BEGIN RECORDS SUPPLIED

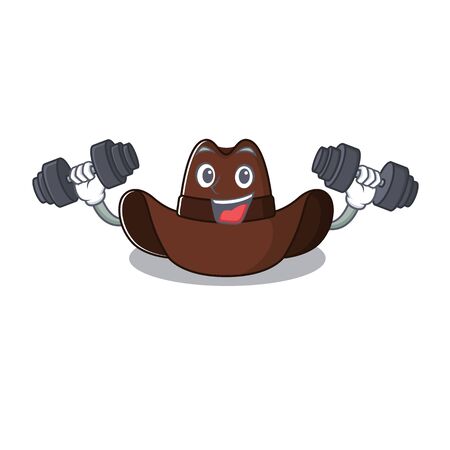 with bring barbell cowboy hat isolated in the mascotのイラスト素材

END RECORDS SUPPLIED
BEGIN RECORDS SUPPLIED

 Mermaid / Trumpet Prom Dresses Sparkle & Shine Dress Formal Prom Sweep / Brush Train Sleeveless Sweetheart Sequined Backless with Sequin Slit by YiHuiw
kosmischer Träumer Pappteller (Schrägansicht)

END RECORDS SUPPLIED

*TASK INSTRUCTIONS*
For the lines above, output exactly those from the line containing "Mermaid / Trumpet" through the line containing "kosmischer Träumer Pappteller (Schrägansicht)", and skip the others.

*COMPLETED EXERCISE*
 Mermaid / Trumpet Prom Dresses Sparkle & Shine Dress Formal Prom Sweep / Brush Train Sleeveless Sweetheart Sequined Backless with Sequin Slit by YiHuiw
kosmischer Träumer Pappteller (Schrägansicht)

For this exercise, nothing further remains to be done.